The impact of cyber-attacks on UK manufacturers extended well beyond Jaguar Land Rover (JLR) last year, with 78% of businesses suffering a serious incident, according to new data from ESET.
The security vendor polled 500 senior decision-makers responsible for IT, OT, operations, risk or security in UK manufacturing organizations, to understand more about threats to the sector.
Almost all (95%) respondents admitted that an attack had a direct impact on their business, and most (53%) suffered financial loss as a result. Supply chain disruption (44%) and missed customer or supplier commitments (39%) were also common, according to the study.
Of the organizations that experienced a full or partial shutdown as a result of an intrusion, most (77%) suffered between 1-7 days downtime, while 56% reported 1-3 days of outages.
Read more on manufacturing breaches: JLR Hack UK's Costliest Ever, Hitting Economy with £1.9bn Loss
Despite mounting threats, a fifth of respondents claimed to have limited or no visibility into cyber risk that could impact production.
AI-enabled attacks were cited by more respondents (46%) as a threat to production than any other type, including phishing (42%), ransomware (40%) and unauthorized system access (38%).
Boards Must Take Control
Although the cautionary tale of JLR is still fresh in the memory of senior leaders, most do not appear to be engaged with managing cyber risk.
Only 22% of respondents said they assign accountability to board or executive leadership, with ownership for cyber staying within IT for most (55%). That typically betrays low levels of maturity in an organization’s approach to cyber – as does reactive security.
A fifth (21%) of responding organizations admitted they still favor reactive over preventative measures, which can lead to knee-jerk investment in point solutions and a culture of firefighting problems rather than seeking strategic solutions.
ESET UK country manager, Matt Knell, argued that the JLR incident should be a wake-up call for executives in domestic manufacturing businesses.
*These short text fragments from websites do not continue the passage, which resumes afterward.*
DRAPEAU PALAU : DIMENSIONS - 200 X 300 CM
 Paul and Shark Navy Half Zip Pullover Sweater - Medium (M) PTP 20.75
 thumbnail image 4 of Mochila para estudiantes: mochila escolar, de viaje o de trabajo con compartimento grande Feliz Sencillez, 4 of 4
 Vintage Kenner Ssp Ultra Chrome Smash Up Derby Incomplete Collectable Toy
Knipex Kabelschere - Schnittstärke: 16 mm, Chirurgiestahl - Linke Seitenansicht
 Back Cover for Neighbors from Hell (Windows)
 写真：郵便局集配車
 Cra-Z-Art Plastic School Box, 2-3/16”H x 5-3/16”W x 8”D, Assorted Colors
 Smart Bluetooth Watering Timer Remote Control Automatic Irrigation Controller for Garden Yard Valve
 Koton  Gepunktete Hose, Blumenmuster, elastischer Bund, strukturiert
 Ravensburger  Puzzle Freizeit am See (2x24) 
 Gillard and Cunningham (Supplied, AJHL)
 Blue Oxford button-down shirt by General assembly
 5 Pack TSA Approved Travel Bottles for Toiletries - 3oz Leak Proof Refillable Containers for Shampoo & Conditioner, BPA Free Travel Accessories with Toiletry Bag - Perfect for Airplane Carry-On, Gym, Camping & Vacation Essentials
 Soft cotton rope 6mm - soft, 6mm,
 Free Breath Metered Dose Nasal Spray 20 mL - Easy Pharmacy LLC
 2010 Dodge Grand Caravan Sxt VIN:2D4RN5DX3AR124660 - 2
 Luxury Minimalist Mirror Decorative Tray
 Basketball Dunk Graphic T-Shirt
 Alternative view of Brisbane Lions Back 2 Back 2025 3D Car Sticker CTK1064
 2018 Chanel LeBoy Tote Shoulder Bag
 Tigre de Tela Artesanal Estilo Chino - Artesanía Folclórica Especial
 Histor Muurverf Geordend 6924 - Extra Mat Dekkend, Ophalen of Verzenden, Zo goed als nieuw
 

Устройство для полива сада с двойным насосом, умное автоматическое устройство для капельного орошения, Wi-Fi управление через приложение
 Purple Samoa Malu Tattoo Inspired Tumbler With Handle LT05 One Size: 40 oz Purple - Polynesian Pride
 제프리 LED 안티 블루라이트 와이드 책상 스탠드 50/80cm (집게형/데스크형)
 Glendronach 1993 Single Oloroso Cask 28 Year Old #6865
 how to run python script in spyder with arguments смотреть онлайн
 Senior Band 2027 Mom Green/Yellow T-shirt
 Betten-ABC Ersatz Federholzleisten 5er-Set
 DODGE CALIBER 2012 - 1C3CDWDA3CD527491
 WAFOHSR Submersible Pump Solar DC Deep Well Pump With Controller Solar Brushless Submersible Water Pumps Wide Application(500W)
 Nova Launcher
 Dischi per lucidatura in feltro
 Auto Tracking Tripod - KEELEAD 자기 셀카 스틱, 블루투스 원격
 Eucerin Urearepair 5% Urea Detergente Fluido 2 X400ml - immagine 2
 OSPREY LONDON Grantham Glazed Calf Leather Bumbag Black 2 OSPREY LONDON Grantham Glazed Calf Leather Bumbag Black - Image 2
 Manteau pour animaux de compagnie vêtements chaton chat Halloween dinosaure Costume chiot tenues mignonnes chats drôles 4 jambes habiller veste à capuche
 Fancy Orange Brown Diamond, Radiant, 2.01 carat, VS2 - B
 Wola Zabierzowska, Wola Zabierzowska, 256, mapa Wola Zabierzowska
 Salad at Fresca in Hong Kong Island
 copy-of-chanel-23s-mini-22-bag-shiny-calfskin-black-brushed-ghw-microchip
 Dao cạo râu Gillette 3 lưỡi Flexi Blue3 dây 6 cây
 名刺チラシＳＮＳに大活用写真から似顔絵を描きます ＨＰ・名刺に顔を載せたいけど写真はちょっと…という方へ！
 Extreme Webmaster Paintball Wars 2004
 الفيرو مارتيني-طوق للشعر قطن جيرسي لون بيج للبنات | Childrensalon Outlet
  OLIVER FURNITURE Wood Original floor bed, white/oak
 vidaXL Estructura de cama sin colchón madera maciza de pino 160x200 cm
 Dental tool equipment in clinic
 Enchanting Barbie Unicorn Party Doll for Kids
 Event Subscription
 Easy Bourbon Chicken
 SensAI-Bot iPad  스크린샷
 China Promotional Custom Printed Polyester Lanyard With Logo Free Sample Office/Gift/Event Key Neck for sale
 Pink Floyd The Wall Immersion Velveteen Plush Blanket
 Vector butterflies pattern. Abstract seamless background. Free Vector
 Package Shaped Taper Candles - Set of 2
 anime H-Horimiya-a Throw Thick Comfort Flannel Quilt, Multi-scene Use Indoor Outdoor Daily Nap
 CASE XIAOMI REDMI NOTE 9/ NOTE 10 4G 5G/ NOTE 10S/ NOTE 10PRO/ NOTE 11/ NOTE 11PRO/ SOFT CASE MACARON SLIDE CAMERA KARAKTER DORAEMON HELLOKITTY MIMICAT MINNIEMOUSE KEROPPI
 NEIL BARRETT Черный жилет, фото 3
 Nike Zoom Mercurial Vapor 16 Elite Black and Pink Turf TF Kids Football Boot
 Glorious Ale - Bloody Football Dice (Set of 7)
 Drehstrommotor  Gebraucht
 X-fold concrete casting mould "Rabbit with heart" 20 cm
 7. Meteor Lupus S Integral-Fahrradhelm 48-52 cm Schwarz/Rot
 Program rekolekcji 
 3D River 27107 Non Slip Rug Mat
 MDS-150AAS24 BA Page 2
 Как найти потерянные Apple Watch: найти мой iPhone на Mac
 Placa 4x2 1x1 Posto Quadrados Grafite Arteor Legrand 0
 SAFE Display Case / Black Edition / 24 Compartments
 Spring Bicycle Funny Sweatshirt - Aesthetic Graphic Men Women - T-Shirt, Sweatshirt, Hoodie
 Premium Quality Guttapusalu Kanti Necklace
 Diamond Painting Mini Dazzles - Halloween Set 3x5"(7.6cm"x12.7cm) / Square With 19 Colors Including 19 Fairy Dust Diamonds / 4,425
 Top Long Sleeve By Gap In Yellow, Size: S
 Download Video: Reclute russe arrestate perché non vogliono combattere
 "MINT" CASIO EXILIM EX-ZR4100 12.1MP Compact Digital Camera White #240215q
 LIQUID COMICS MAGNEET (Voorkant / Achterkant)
“The real challenge is that many organizations still treat cybersecurity as an IT issue rather than a strategic business decision. When it sits outside the boardroom, it’s harder to prioritize appropriately,” he added.
“What’s striking is that many organizations still see reactive approaches as more economical, despite the evidence to the contrary. With many major incidents resulting in six-figure losses and widespread operational disruption, the cost of reacting after the fact can be significant.”
A recent IBM X-Force study which revealed that manufacturing accounted for 28% of incidents last year, the fifth consecutive year as the most targeted sector.